> **Task**
What you return should be only the lines in the entries below between the one holding "The captions file" and the one holding "There's a sine", ends included, with every picture left out.

> **Records**
-- -- --

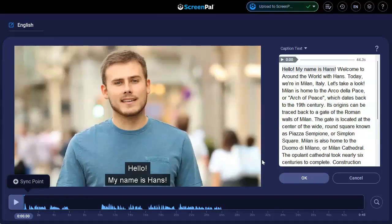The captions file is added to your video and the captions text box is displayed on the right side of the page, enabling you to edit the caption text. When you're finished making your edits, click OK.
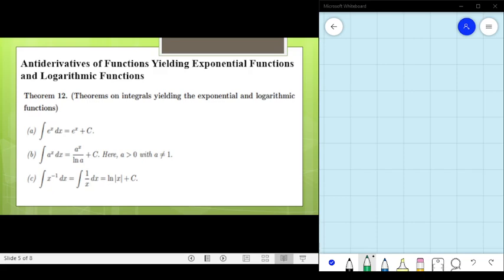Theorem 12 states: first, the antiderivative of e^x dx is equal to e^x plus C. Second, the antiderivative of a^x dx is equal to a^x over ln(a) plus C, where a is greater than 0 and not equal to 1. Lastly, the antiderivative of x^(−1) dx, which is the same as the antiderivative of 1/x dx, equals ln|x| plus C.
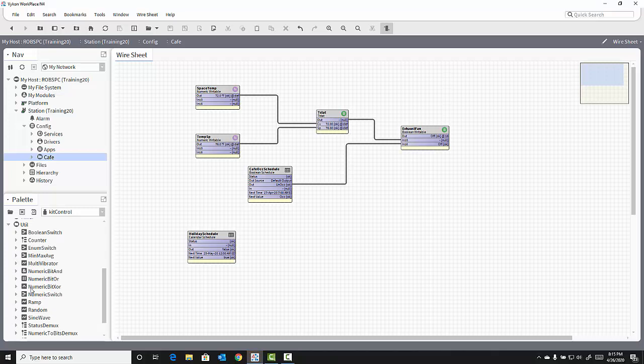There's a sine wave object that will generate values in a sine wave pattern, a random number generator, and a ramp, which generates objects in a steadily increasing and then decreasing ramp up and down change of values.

-- -- --

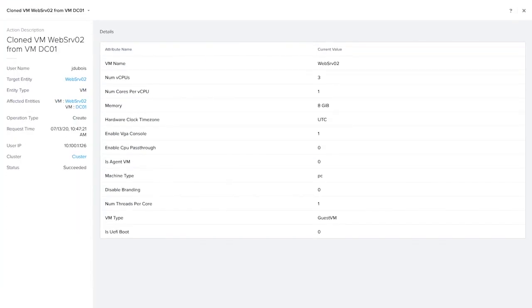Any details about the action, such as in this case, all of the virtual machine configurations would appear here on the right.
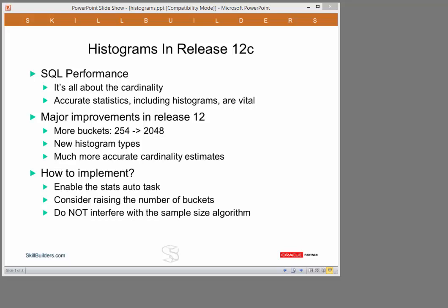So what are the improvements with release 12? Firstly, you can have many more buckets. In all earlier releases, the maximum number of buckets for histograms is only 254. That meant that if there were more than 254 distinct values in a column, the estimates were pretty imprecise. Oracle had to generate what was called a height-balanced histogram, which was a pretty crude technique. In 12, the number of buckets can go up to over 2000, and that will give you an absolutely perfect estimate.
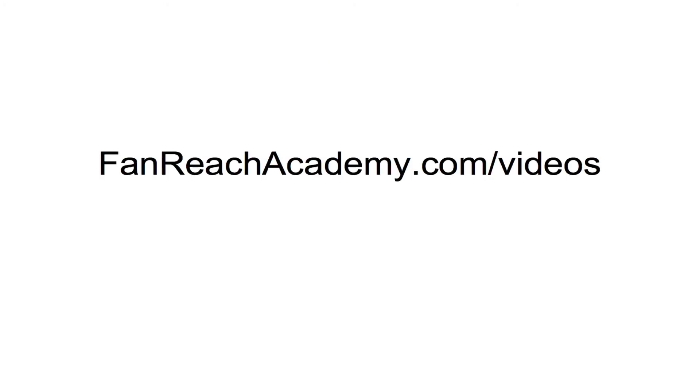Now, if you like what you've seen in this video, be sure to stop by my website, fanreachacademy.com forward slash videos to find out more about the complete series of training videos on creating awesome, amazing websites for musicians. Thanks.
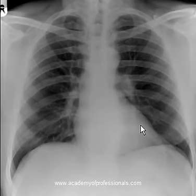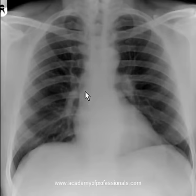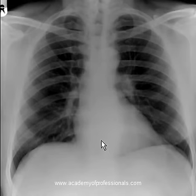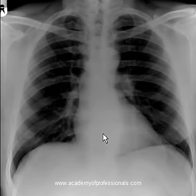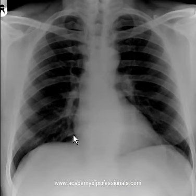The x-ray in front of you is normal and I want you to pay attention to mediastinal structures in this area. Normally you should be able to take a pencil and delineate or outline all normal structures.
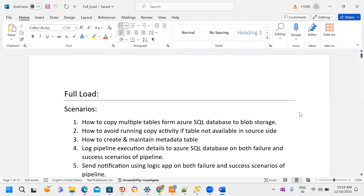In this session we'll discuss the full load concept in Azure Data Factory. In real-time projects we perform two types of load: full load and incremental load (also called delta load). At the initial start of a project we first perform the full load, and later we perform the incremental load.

-- -- --

> **Result of the exercise**
The captions file is added to your video and the captions text box is displayed on the right side of the page, enabling you to edit the caption text. When you're finished making your edits, click OK.
Theorem 12 states: first, the antiderivative of e^x dx is equal to e^x plus C. Second, the antiderivative of a^x dx is equal to a^x over ln(a) plus C, where a is greater than 0 and not equal to 1. Lastly, the antiderivative of x^(−1) dx, which is the same as the antiderivative of 1/x dx, equals ln|x| plus C.
There's a sine wave object that will generate values in a sine wave pattern, a random number generator, and a ramp, which generates objects in a steadily increasing and then decreasing ramp up and down change of values.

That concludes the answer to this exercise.